DannyPage4 months ago
“Releases” is used in the article - instead of “drops” - and would be a clearer title.
- dang4 months ago
  Ok, fixed now. (Submitted title was "DeepSeek Drops Distributed DuckDB")
  Edit: I've since changed the title above to the article title, in keeping with the site guidelines (https://news.ycombinator.com/newsguidelines.html). It has been taking me a while to figure out what we're looking at here!
- conqrr4 months ago
  Drop in the context of Databases isn't even close to anything being released or launched. Drop = Delete. Release is a much better word for this context.
  - joshuaturner4 months ago
    Even in the context of an application stack - my initial read had me believing they were moving away from DuckDB
  - mritchie7124 months ago
    yeah, I thought drop was amusing in this case paired with the tautogram
    freehorse4 months ago
    It was, but people here prioritise lexixal inambiguity rather than fun.
- dboreham4 months ago
  Not only clearer, but 180 degrees different in meaning.
  - 4ndrewl4 months ago
    I thought "dropped" these days meant released? Not helpful I know...
    kaashif4 months ago
    I was surprised because I thought the title meant they dropped support or something. Weird because I'd never heard of distributed DuckDB.
    derefr4 months ago
    In denotation, "dropped" can be used equivalently to "released", yes; but in connotation, using "dropped" instead of "released" implies either that:
    1. the particular release was sudden, unexpected, and not highly pre-advertised or post-advertised — as in an album being "dropped" by a band (where the band more often "releases" albums.) Usage of "dropped" here evokes the feeling that the releaser is casually "dropping" the thing in the public square and walking away, leaving it there to be studied. A band would release an album by going on tour selling it; or they might just drop an album on Spotify one day.
    2. the particular release was a single limited production run / limited-time event — where people were anticipating something would be released at a certain specific time, but there was no advance statement from the releaser of exactly what people would be getting. Strong analogy with the NYE "ball drop" — the release is an event that people count down to or line up for. (Think: dropping a new limited-edition colorway of a product people ravenously collect — sneakers, Stanley cups, etc.)

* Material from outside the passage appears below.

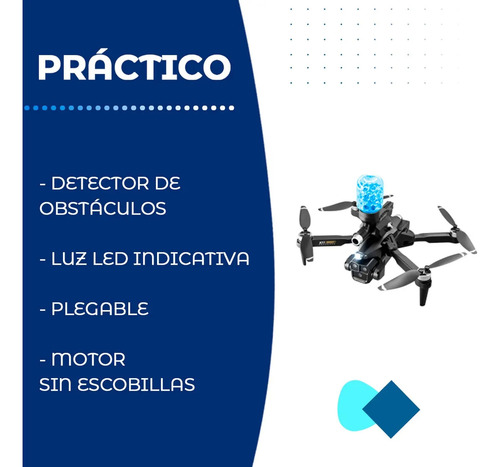 Drone Cámara 4k Disparador De Bombas Hidrogel Control Remoto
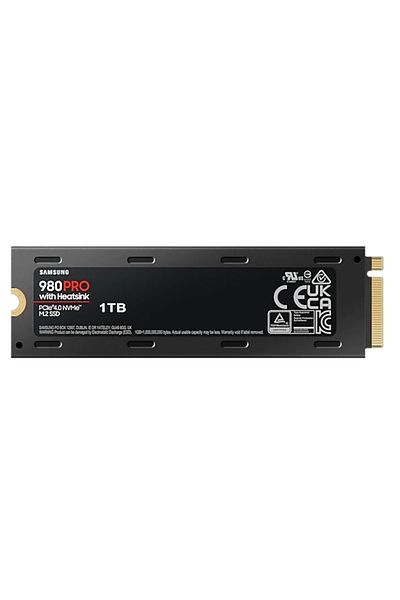 Samsung 980 Pro 1TB SSD M.2 Nvme - Mz-v8p1t0cw with Cooler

    3. the particular release was a bounded-in-size batch or "tranch" of production, all put out to be purchased at once where "once they sell out, they sell out" for now — but with the expectation that the releaser is producing more, but where this will take time, during which the item will remain sold out. (Often, the item has actually been produced in quantity, and this limited dribbling-out and repeated fast selling-out is purely a marketing technique to induce hype and demand.) This usage isn't a figurative extension of the literal verb "drop" — but rather a shortening of the word "airdrop", as in military resupply and/or NFTs. You would be more likely to see this phrased as "[X] dropped another [Y]" or "[X] dropped more [Y]"; or perhaps "there was a drop of [Y] today."
    SteveDR4 months ago
    Yes, most young people would say an artist “dropped” new music instead of saying that they released new music. Still a bad title though
    rvnx4 months ago
    Dropped could mean abandoned
    0xCMP4 months ago
    I think to be clearer it would have been written "DeepSeek Drops Distributed version of DuckDB". Otherwise it looks like they used DuckDB (the distributed one?) and they have something new or better they're using now.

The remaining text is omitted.